The next day we got to repel off Eagle Tower. What that is, is a huge, 80-foot wooden tower that you repel off, and that was a lot of fun but scary on that initial step over the wall. Friday we went to the gas chamber. Before I explain, the videos do it no justice as to how much the chamber sucks. So when you walk in, you have your gas mask on but you feel the gas irritate the back of your neck. That irritation starts then to feel like someone pouring boiling water down your neck. The drill sergeants then have you life up your mask and say your last name and last four social digits. They do this so you can put the mask back on and properly clear it. They then have everyone take their masks off completely, which brings that boiling feeling to your whole face, your eyes and lungs. After proceeding out the door and breathing fresh air you return back to normal. It's not as bad as it sounds. I just don't want to do it again.

Finally Saturday we had a 2-mile run and we started MACP (pronounced Mack-Pee).
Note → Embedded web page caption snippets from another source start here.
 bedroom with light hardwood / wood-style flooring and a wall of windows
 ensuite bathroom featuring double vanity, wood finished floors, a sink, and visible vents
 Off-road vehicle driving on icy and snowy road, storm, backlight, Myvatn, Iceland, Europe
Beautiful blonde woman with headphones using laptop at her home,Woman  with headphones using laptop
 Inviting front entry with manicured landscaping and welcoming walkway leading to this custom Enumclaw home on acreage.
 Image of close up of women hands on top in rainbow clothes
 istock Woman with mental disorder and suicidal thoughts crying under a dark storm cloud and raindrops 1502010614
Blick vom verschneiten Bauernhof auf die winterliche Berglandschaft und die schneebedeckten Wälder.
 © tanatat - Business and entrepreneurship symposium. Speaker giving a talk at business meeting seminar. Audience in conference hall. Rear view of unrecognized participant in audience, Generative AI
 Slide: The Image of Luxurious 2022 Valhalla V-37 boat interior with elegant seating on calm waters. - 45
It stands for Modern Army Combatives Program. We got to wrestle other people in our platoon and I did very well.

On another note, though, today is Sunday, which is nice because there's no PT (physical training) so you get a chance to relax and write some letters. Thank you for the lengthy letters. It's an awesome feeling receiving mail.

You asked what a typical day here is like. You wake up at 4:30 a.m. (except Sundays at 5:30, which honestly now is sleeping in). First formation is around 5:15. We then do 1.5-2 hours of PT, come back and change, then eat breakfast. After that we do our training for the day, come back to evening chow or dinner then we clean the outside areas up, then our barracks. I didn't mention lunch but we get that, too. If we're lucky, we get some personal time; it's usually 10-15 minutes. When I get more personal time I will write more. Let everyone know, too, to write me. We don't have to do push-ups for mail or anything so the more the better. It's not too bad overall here but it can be pretty stressful so mail is nice.
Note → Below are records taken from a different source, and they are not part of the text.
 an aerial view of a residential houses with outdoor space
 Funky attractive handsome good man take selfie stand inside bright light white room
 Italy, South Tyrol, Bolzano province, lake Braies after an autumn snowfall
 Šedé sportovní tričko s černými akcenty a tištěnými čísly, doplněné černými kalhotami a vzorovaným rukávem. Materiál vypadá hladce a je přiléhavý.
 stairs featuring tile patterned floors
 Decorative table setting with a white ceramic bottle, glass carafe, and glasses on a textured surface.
I've decided that when I graduate the first thing I've doing is going to Taco Bell. Once we're back in Indiana I really want to go to El Camino. For some reason Mexican food sounds constantly appealing to me.

Also, so you have it in writing: If the oil needs changed on my car, use Pennzoil Ultra 5w-20.

That's everything I can think of for now though so I hope everyone is doing well at home. Time is flying by here. I miss home but I'm doing great. Take care. I love you!